- Data for this exercise -
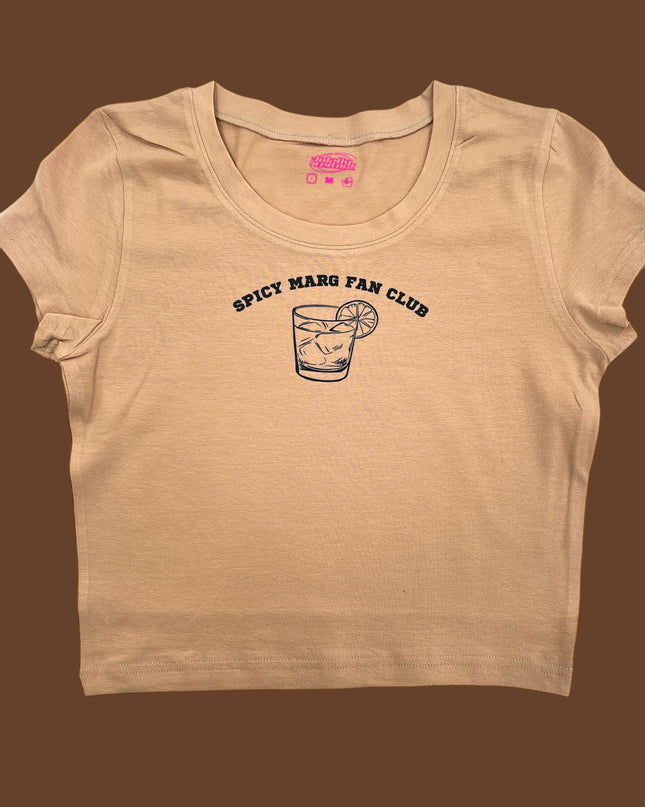 a t - shirt with a picture of a drink on it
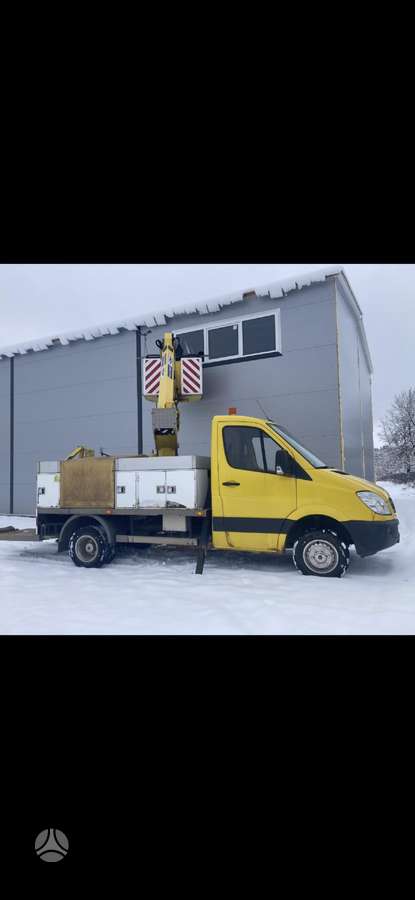 Mercedes-Benz Sprinter, автовышки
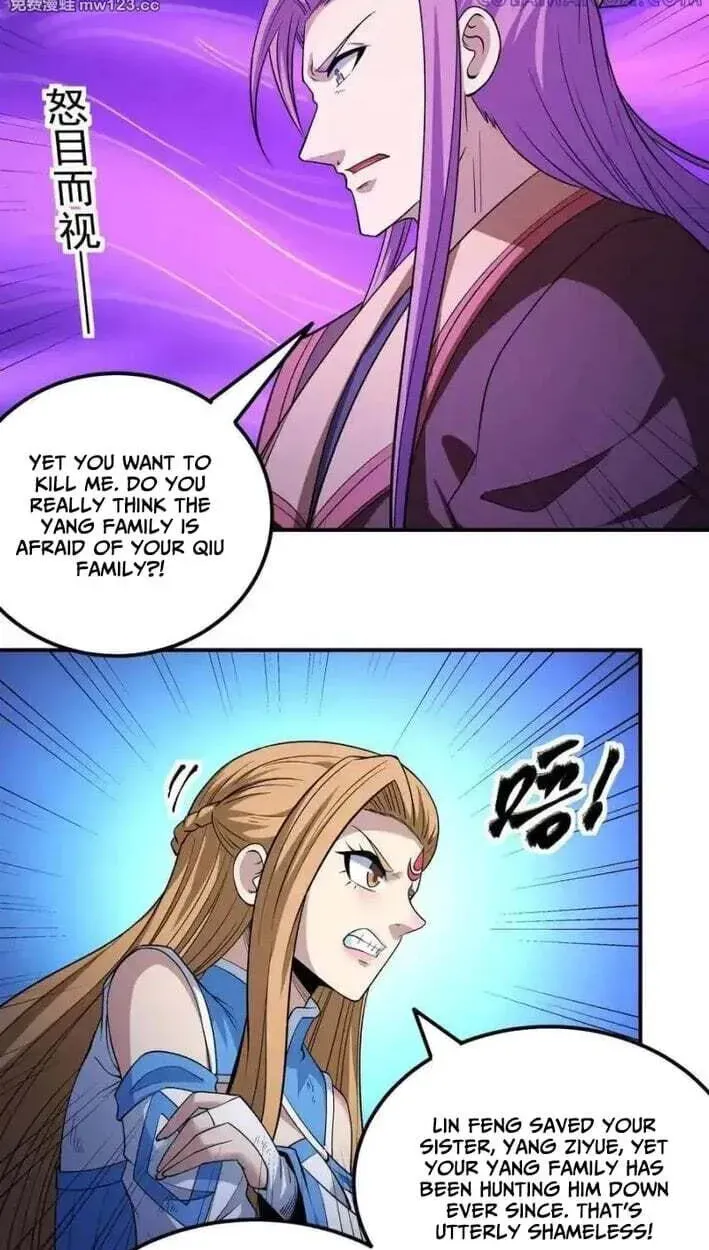 God of Martial Arts — Chapter 1168 — page 21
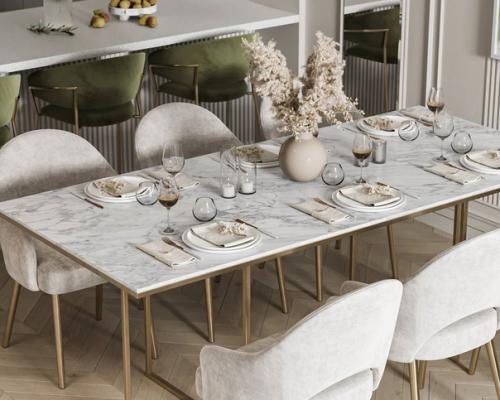 Светлый интерьер квартиры, который сочетает в себе уют и спокойствие. 01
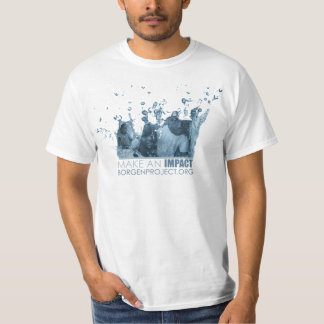 Borgen projekterar får effekt t-shirt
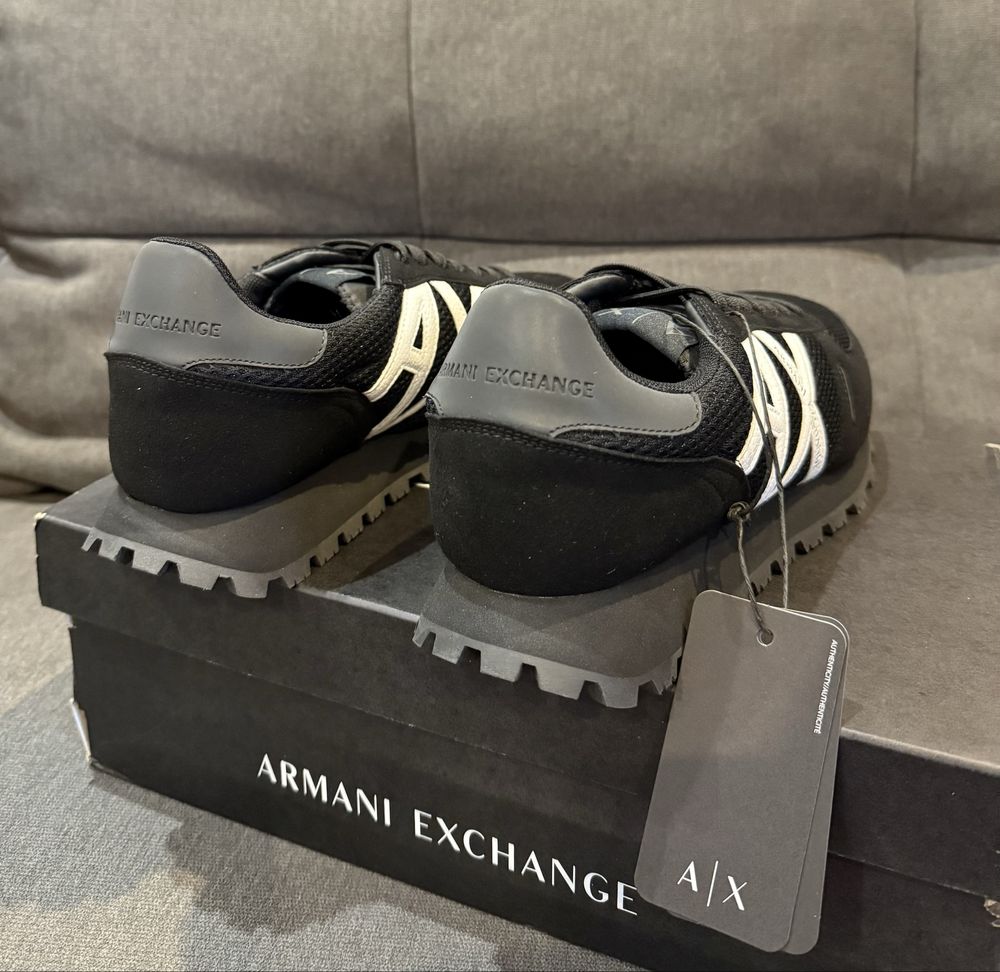 Кросівки чоловічі 44 Armani Exchange Оригінал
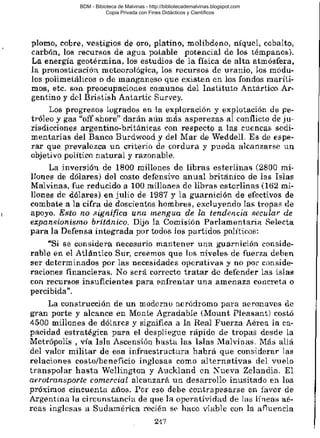 BDM - Bibioteca de Malvinas - http://bibliotecademalvinas.blogspot.com
Copia Privada con Fines Didácticos y Científicos

Escaneo DEDICADO A LOS PUTITOS DE ZONAMILITAR.COM.AR
Seguiremos escaneando Bibliografía de MALVINAS, si no les gusta... ME CHUPAN UN HUEVO ORTIVAS !

 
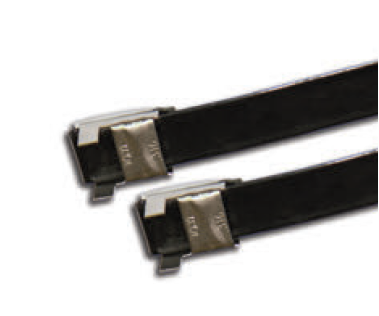 Stainless Steel Coated Cable Ties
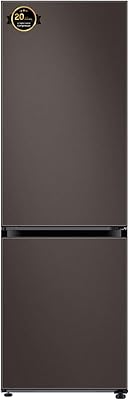 Samsung tailor -made fridge, RB33A300405, Kota coal, 20 years warranty on the digital inverter compressor.. Need something fast? Order it now from DIAYTAR Nigeria.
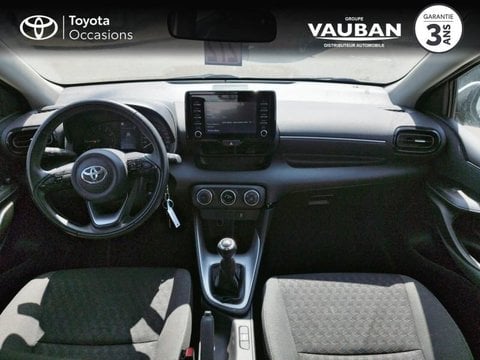 Voitures D'occasion À Buchelay | Toyota Yaris 70 Vvt-I Dynamic 5P My22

- What is expected -
Copy nothing past the line containing "Кросівки чоловічі 44": reproduce every line from the start of the records up to it, skipping pictures.

- Written answer -
 a t - shirt with a picture of a drink on it
 Mercedes-Benz Sprinter, автовышки
 God of Martial Arts — Chapter 1168 — page 21
 Светлый интерьер квартиры, который сочетает в себе уют и спокойствие. 01
 Borgen projekterar får effekt t-shirt
 Кросівки чоловічі 44 Armani Exchange Оригінал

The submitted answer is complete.